But Mr. Greenspan, speaking at a lecture organized by the German central bank, said the dollar's decline hasn't yet threatened the global economic recovery. Despite the harm to European exporters, he said, interest rates on corporate bonds in recent months have signaled a diminished perception of risk and "equity prices have risen, throughout much of the global economy." He didn't discuss the near-term outlook for U.S. monetary policy.
Mr. Greenspan stuck to his assessment -- first delivered at a speech at the Cato Institute in November -- that U.S. inflation "appears quiescent" despite the dollar's decline against other major currencies. On Tuesday, the government released new evidence of that -- import prices grew a scant 0.2% in December, less than half the rate in November, the Labor Department said. Fed policy makers have said that with inflation low and likely to remain so, they can hold interest rates steady for a "considerable period."
Mr. Greenspan also said the widening U.S. current-account gap -- now equal to more than 5% of the gross domestic product -- hasn't posed a problem for the economy. "To date, the widening to record levels of the U.S. ratio of current- account-deficit to GDP has been, with the exception of the dollar's exchange rate, seemingly uneventful," he said.

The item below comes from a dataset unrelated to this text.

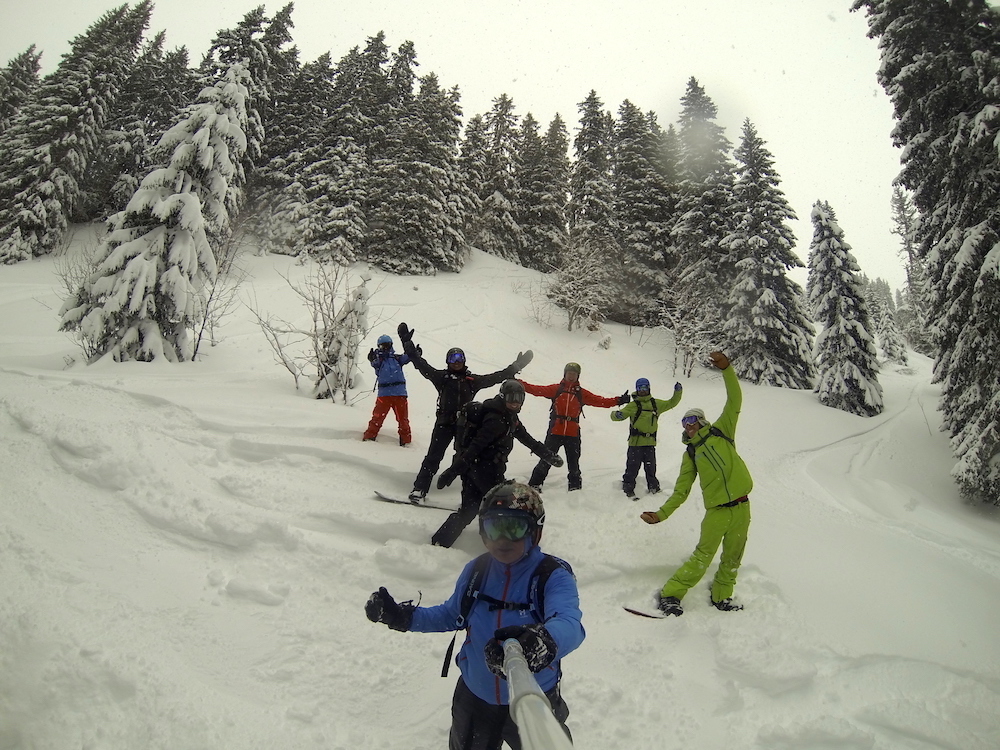 mint-snowboarding-backcountry-offpiste-group-alex-horton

Foreign investors, he said, have remained more than willing to finance the growing deficits. "There is, for the moment, little evidence of stress in funding U.S. current-account deficits," he said. He acknowledged the deficits can't expand indefinitely without frightening such investors. But increasing the flexibility and sophistication of global financial markets will help stave off a crisis, he said.
"We may not be able to usefully determine at what point foreign accumulation of net claims on the United States will slow or even reverse," Mr. Greenspan said. "But it is evident that the greater the degree of international flexibility, the less the risk of a crisis."